Alternative Anchoring Program offers better way to anchor at Lake Powell
PAGE, AZ — Glen Canyon National Recreation Area officials say they have an alternative to the illegal practice of pin anchoring at Lake Powell. Instead, a new program, the Alternative Anchoring Pilot Program, implements the use of large inflatables created by a company called Beach Bags.
According to a news release from National Park Services, the Alternative Anchoring Pilot Program will allow boaters to anchor without having to drill into sandstone outcroppings on the lake floor.
The National Park Service has issued a commercial use authorization to a company that provides large inflatables for the use of anchoring houseboats at Lake Powell.

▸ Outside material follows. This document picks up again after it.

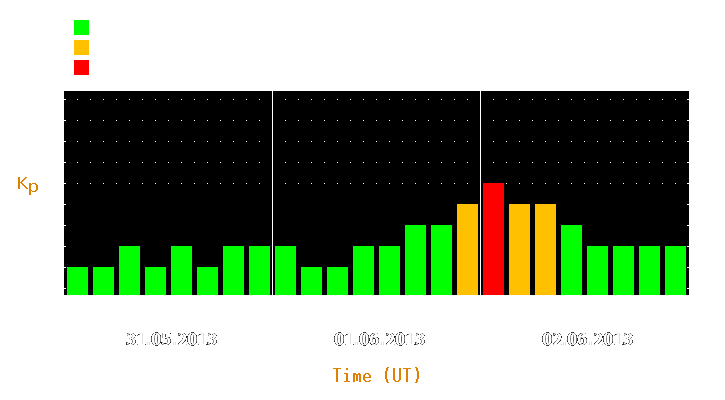 Magnetic storm forecast from May 31, 2013 to Jun 02, 2013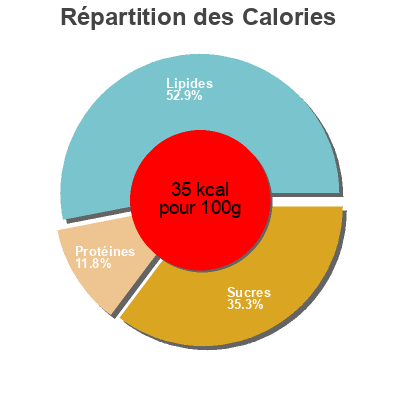 Répartition des calories par lipides, protéines et glucides pour le produit Sauce Alfredo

According to the Beach Bags website, these inflatables allow boaters to anchor on either slickrock or sand.
This project is something the Superintendent of National Park Services William Shott is excited to see begin.
“Through piloting new technologies, providing public information about the nexus between pin anchoring and damage to park resources and strengthening our enforcement efforts, we hope to put an end to this destructive practice (pin anchoring),” Schott said in the news release.
“I couldn’t be prouder of the park’s team, our engaged public, and all of our partners in taking on this challenge.”
Hazardous anchoring on Lake Powell
Shott says drilling into Powell’s sandstone causes a number of problems. Pins and rebar used to anchor often get left behind, posing a safety issue to swimmers. Additionally, Shott says drilling causes “significant” damage to natural resources.
“Unfortunately, some houseboaters have learned to become dependent on drilling holes in the fragile sandstone to anchor their vessels,” Shott said. “The accumulative effects of this illegal practice have caused significant resource damage while also becoming a larger safety issue.”
The pilot program works to maintain the lake’s natural beauty.
“If this practice (of pin anchoring) were to continue it would detract from the very reason boaters travel to Lake Powell,” Shott said.
Pin anchoring is illegal
The National Park Service says that pin anchoring is illegal — it damages the lake and is considered vandalism. Boaters caught pin anchoring are subject to enforcement actions. They may be asked to relocate or even end their journey.
Instead, the NPS urges boaters to use traditional anchoring methods or methods that do not damage natural or cultural resources in the lake.